Exasol Troubleshooting at Scale: Skew, Spills, UDF Failures, and Network Edge Cases

Details: Category: Databases; By Mindful Chase; 09.Aug; Hits: 216

Exasol is a high-performance, MPP, in-memory columnar database widely adopted for analytics at enterprise scale. In day-to-day operations, most teams master routine tuning quickly, yet a class of rare but consequential problems still derails SLAs: uneven cluster rebalancing after node events, UDF container failures, sudden spill-to-disk regressions, and authentication edge cases under federated identity. This deep-dive equips architects and tech leads to identify root causes across compute, storage, and network layers; map symptoms to internal Exasol architecture; and implement durable fixes that survive version upgrades, hardware refreshes, and workload shifts.

Mindful Chase

Writing Code, Writing Stories

tbd

Experience

tbd

More to Explore

Background: What Makes Exasol Different

MPP, In-Memory, and Columnar Fundamentals

Exasol distributes data across nodes using a shared-nothing MPP architecture. Each node keeps compressed columnar segments in RAM (with a smart page cache) and coordinates via a high-speed interconnect. Query fragments are pushed down to the nodes holding the relevant partitions; intermediate results are exchanged through a distributed execution layer. This design delivers low-latency analytics under parallelism but also means that data skew, network congestion, or node-local resource contention translate directly into query variability.

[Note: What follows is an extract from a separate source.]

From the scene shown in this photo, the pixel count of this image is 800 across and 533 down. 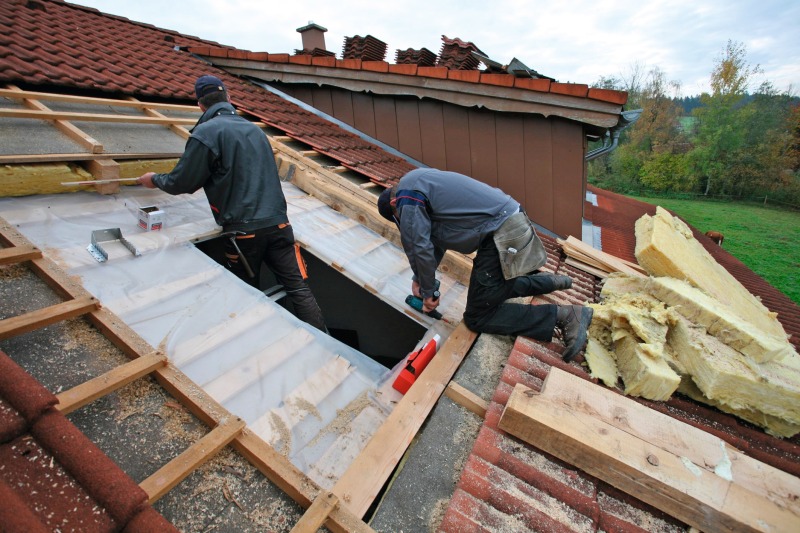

Where Day-to-Day Troubleshooting Becomes Tricky

Elastic changes: Node additions, removals, or replacements can leave the system partially rebalanced if maintenance windows end early.
UDF isolation: Scripting UDFs (Python/R/Java) execute in containerized sandboxes; misaligned OS libraries, memory caps, or file descriptor limits create opaque errors.
Authentication at scale: Kerberos/LDAP/AD nuances—clock drift, referral chasing, nested groups—cause intermittent login failures hard to reproduce.
Storage pressure: A few wide joins or accidental Cartesian products trigger aggressive spilling, changing the performance profile overnight.

Architecture: Components That Influence Troubleshooting

Cluster Topology and Data Distribution

Tables are either distributed by a hash of the distribution key or replicated (for small dimension tables). Hash distribution drives local join efficiency; picking a poor key yields skew and cross-node traffic. System metadata records partition ownership per node and influences the planner's fragment placement.

Buffer Cache, Temp Space, and Spill Paths

Exasol's smart page cache keeps hot columnar chunks in RAM. When operators exceed memory grants, the engine spills to temp volumes. Incorrect tempfs sizing, shared underlying storage with other services, or noisy neighbors on virtualized disks can turn a rare spill into a systemic slowdown.

Execution, Exchange, and Network MTU

Distributed plans rely on high-throughput node-to-node exchange. Path MTU mismatches, jumbo frame asymmetry, or misconfigured NIC offloads increase fragmentation and CPU per byte transferred. These issues arise especially after switch replacement or mixed 25/40/100 GbE fabrics.

UDF Runtime Sandboxes

UDFs run in separate containers or processes with configurable memory/CPU quotas. The orchestration decides placement on a node, mounts temporary directories, and exposes connector libraries. ABI or Python wheel incompatibilities surface only under specific data shapes or larger batches.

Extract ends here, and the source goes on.